Consumer electronics
Equally notable is the proposal to reduce the tax burden on consumer electronics and construction materials. The 18 percent bracket, which until now covered a limited range of goods, is set to include televisions, air conditioners, refrigerators and washing machines, all of which have been taxed at the highest 28 percent slab. Cement, too, may move down to 18 percent from the current 28 percent. These cuts are expected to make white goods and home appliances significantly cheaper, especially ahead of the festive season when demand typically surges. The reduction in cement duties could also ease costs for the housing and infrastructure sectors, a longstanding demand of the real estate industry.
Benefit for households
For households, the direct impact would be visible both in grocery baskets and in big-ticket purchases. Essential items could see meaningful price drops at retail counters, while durable goods may become 8 to 10 percent cheaper as the reduction in tax flows through to price tags. Industry players believe this will provide a timely boost to consumption at a moment when buyers had already begun deferring purchases in anticipation of tax relief.
Fiscal realities
At the same time, the Council faces the challenge of balancing consumer relief with fiscal realities. Any reduction in rates inevitably raises concerns about the impact on GST collections for the Centre and states. Officials argue that simplified slabs and cheaper products could stimulate consumption volumes and, in turn, offset some of the revenue loss. The restructuring is also being justified as part of a broader effort to rationalise the complex system of multiple slabs into fewer categories, thereby reducing disputes and easing compliance.
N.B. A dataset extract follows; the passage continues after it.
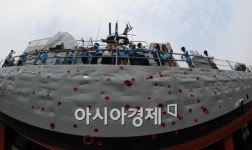 [포토]총탄의 흔적을 찾아..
Economists caution that implementation will need careful handling. Businesses will have to adjust billing systems, input tax credits and classification codes quickly once changes are notified. In the short term, sales of electronics and durables may temporarily slow as consumers wait for lower prices to take effect. Still, the broader impact is expected to be positive for both households and businesses.
The Council’s decisions on the proposals are likely to be announced at the conclusion of the two-day meeting. If approved, notifications will follow soon after, with the changes expected to take effect in time for the upcoming festive season. For Indian consumers, this could mean not just cheaper everyday goods but also more affordable appliances and housing materials, making this meeting a landmark moment in the evolution of GST policy.